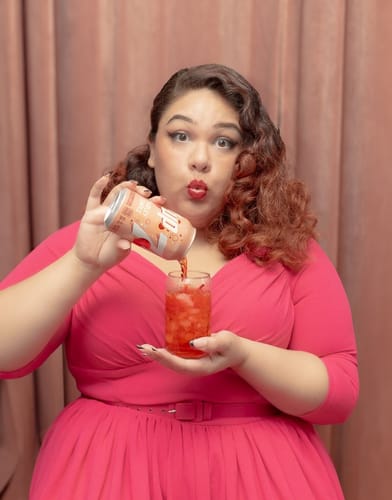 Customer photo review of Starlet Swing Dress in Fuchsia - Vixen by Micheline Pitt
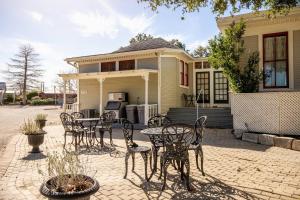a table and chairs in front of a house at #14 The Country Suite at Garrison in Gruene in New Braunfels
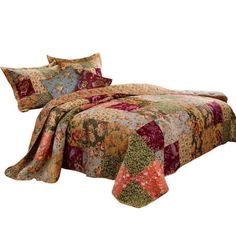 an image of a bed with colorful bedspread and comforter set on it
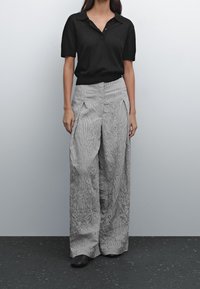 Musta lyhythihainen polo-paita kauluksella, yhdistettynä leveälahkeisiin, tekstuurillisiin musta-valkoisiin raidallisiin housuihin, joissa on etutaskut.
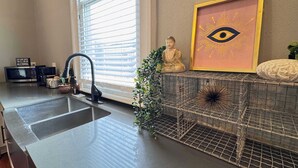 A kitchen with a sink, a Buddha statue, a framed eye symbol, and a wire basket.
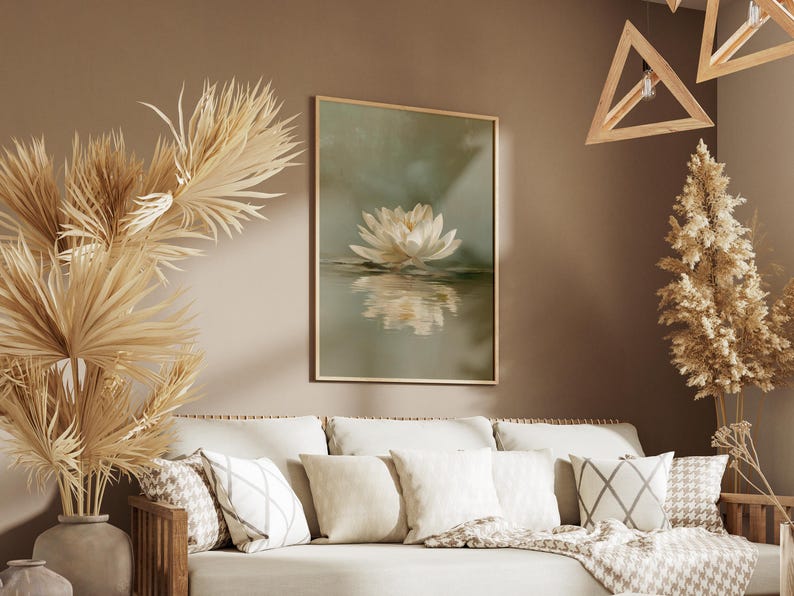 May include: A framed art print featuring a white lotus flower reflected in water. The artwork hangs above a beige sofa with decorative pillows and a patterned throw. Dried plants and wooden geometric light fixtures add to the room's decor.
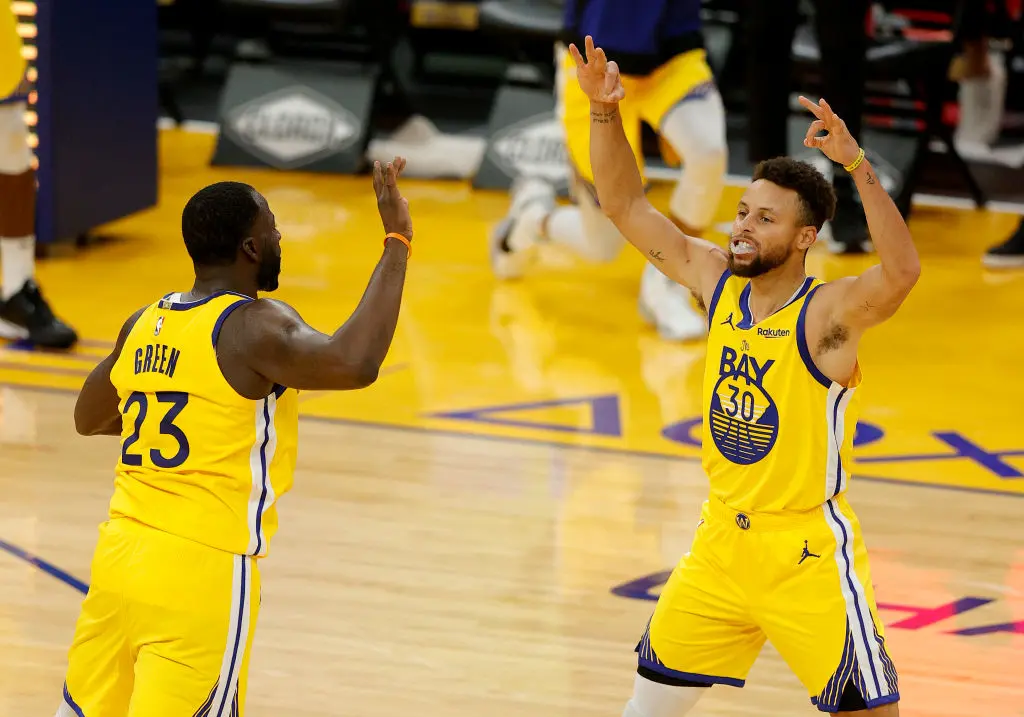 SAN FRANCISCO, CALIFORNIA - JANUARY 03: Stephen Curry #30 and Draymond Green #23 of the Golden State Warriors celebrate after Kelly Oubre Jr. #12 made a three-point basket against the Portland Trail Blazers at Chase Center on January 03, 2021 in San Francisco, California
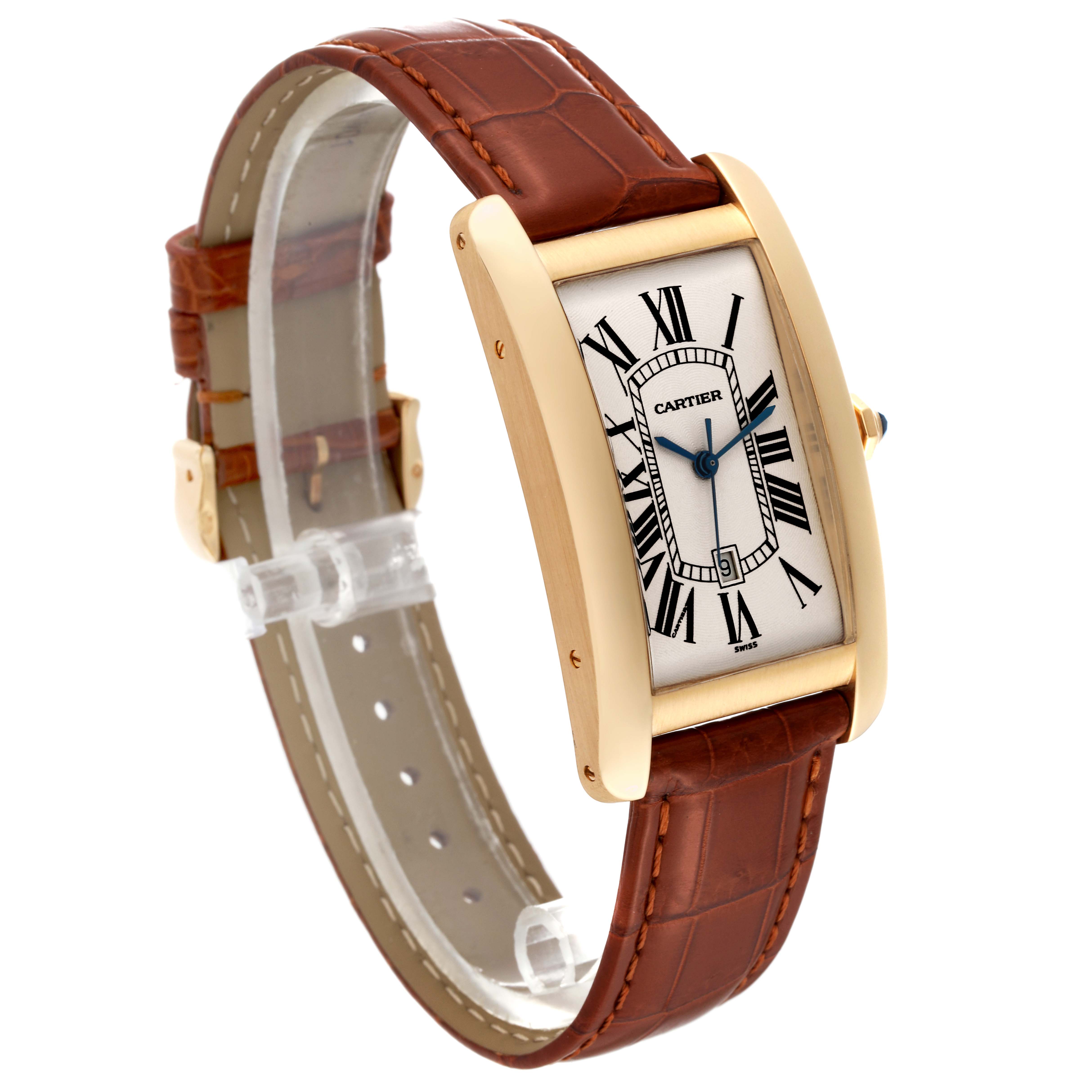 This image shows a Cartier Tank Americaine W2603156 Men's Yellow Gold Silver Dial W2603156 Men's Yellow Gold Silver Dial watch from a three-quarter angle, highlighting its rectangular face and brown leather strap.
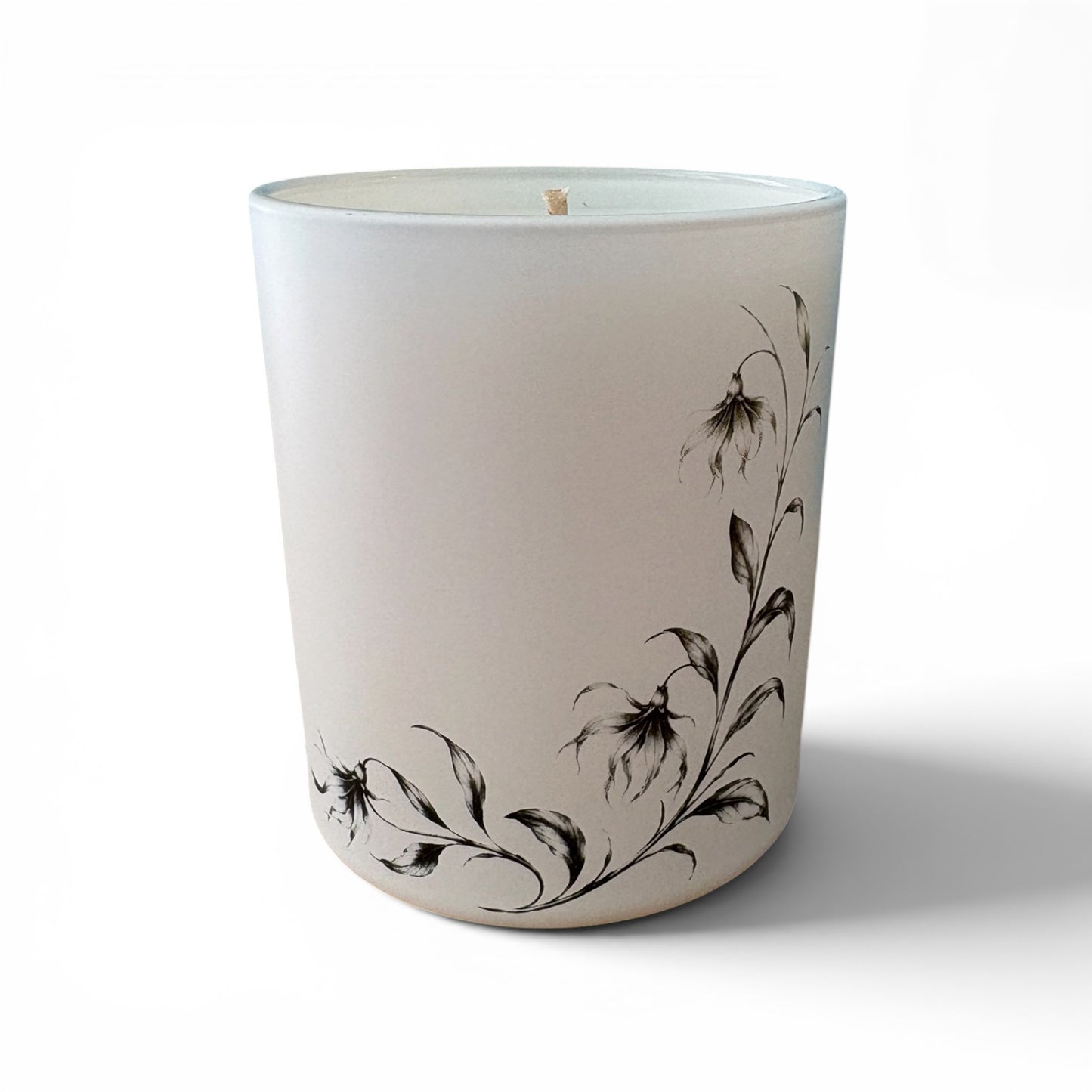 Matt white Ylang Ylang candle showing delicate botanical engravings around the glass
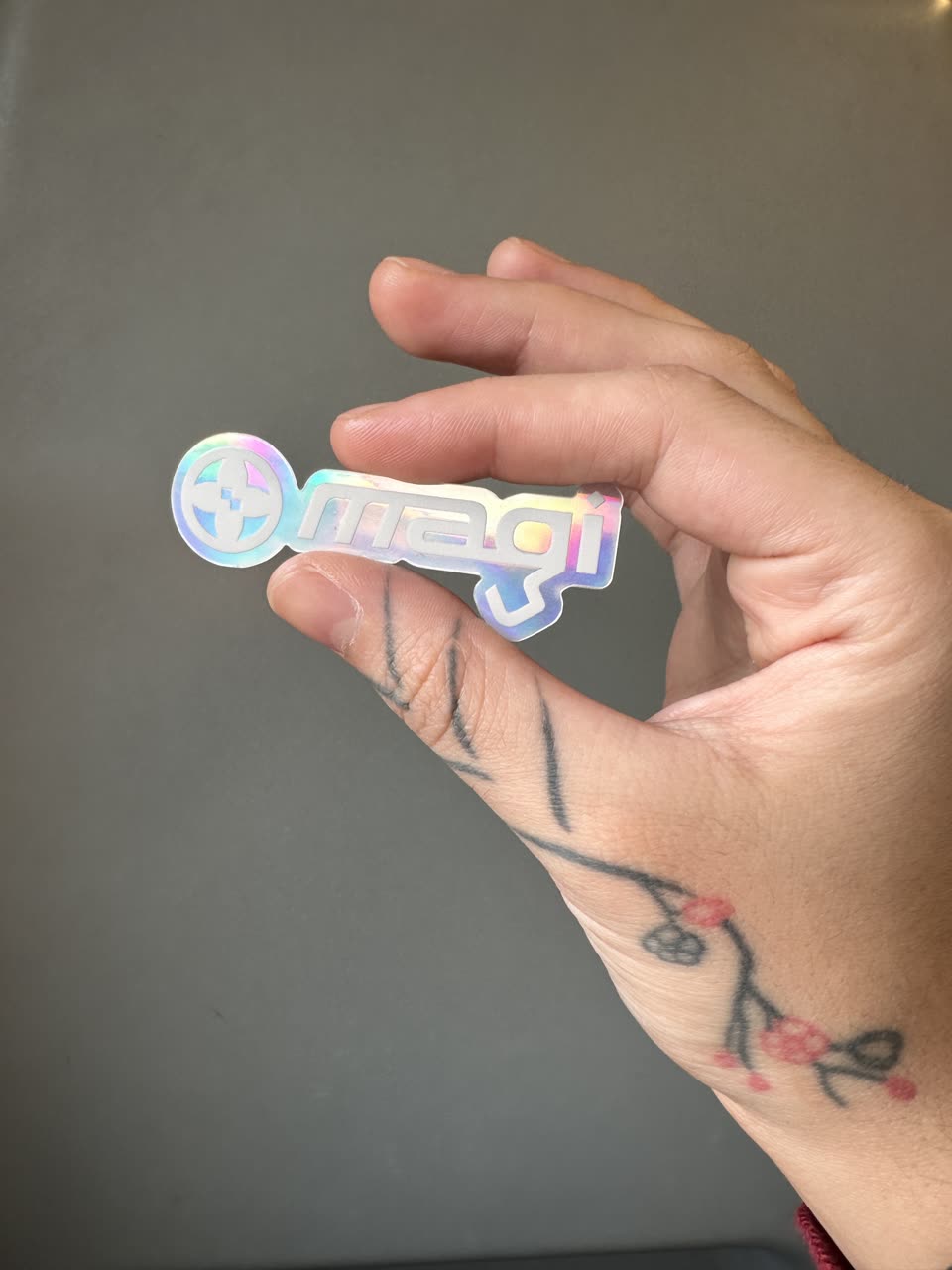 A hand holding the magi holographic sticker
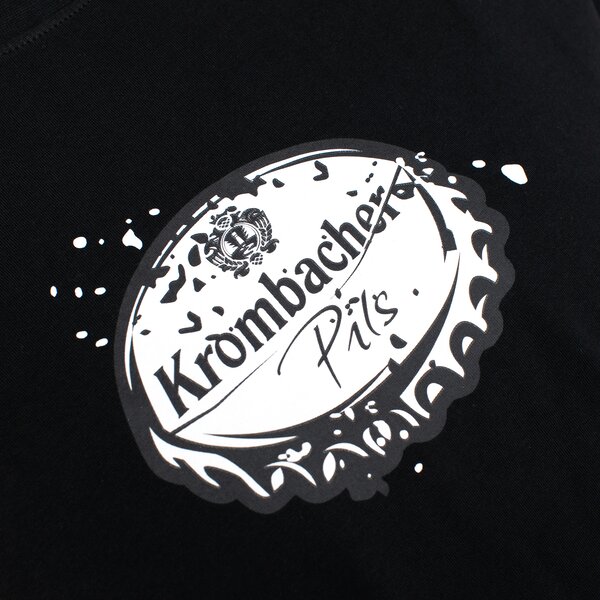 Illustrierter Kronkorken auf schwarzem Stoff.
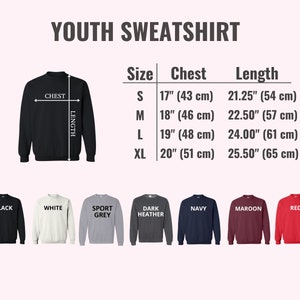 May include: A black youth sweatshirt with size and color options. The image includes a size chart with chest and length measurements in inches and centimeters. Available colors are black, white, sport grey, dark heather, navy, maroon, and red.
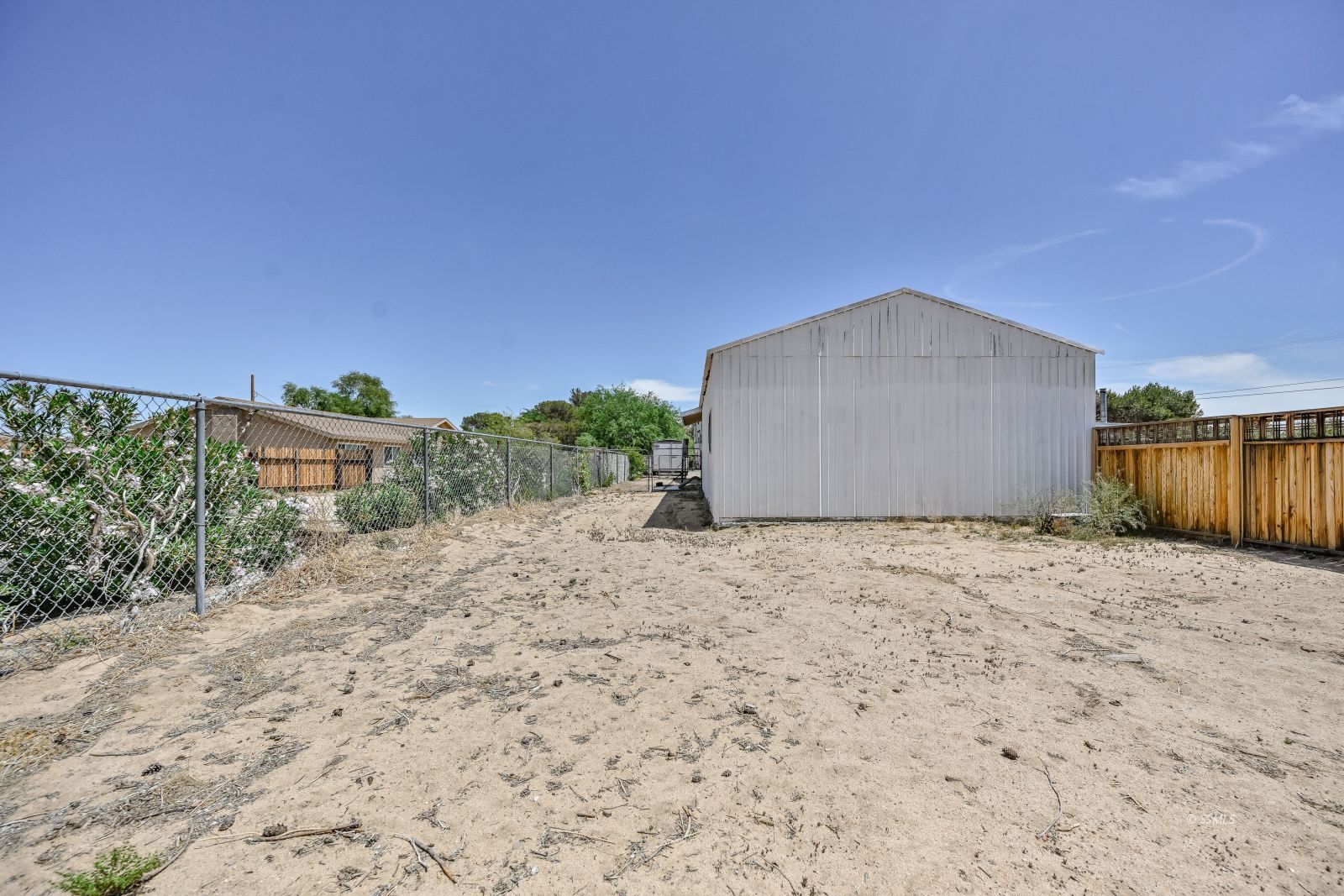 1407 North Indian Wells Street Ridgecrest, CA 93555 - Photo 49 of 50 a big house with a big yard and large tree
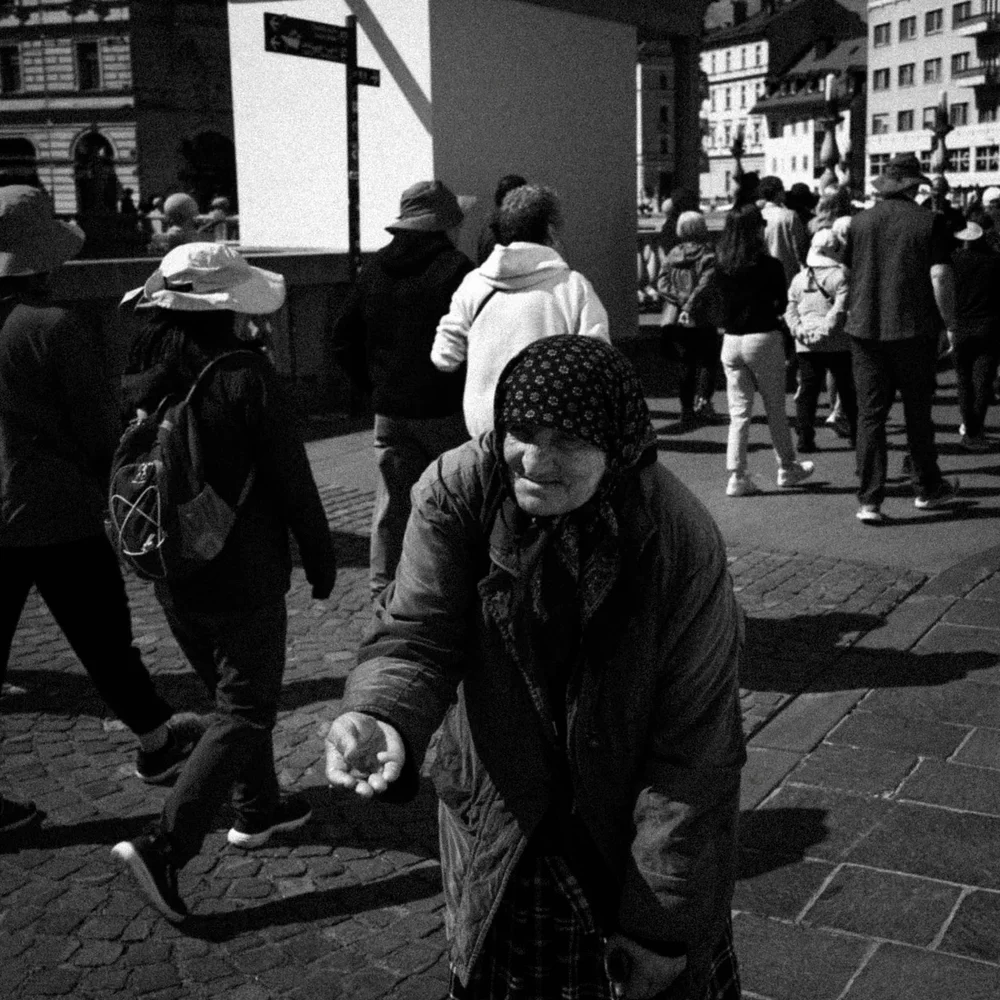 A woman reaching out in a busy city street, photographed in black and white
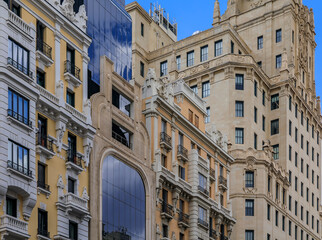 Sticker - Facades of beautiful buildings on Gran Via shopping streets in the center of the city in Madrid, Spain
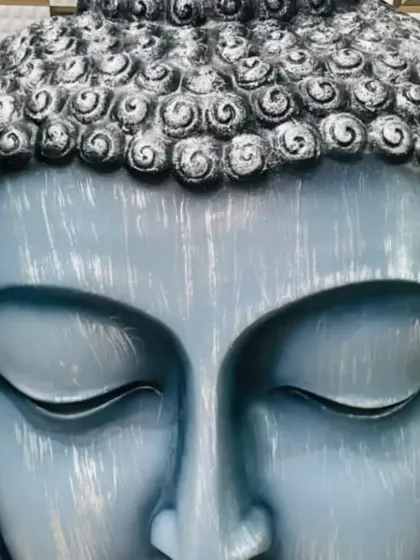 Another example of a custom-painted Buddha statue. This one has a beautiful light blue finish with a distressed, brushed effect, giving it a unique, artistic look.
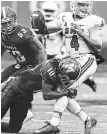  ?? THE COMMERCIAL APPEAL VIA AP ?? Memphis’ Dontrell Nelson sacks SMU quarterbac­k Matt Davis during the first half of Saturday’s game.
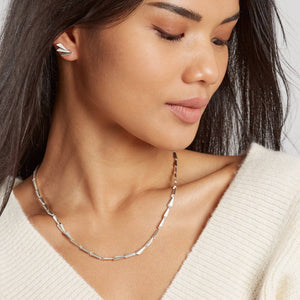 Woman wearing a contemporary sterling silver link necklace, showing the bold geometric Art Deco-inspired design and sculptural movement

----------

● Activity:
Each line from the one containing "Another example of" through the last line above should be retyped exactly, and no other line. Any picture is to be left out.

● Solution:
 Another example of a custom-painted Buddha statue. This one has a beautiful light blue finish with a distressed, brushed effect, giving it a unique, artistic look.
  ?? THE COMMERCIAL APPEAL VIA AP ?? Memphis’ Dontrell Nelson sacks SMU quarterbac­k Matt Davis during the first half of Saturday’s game.
 Woman wearing a contemporary sterling silver link necklace, showing the bold geometric Art Deco-inspired design and sculptural movement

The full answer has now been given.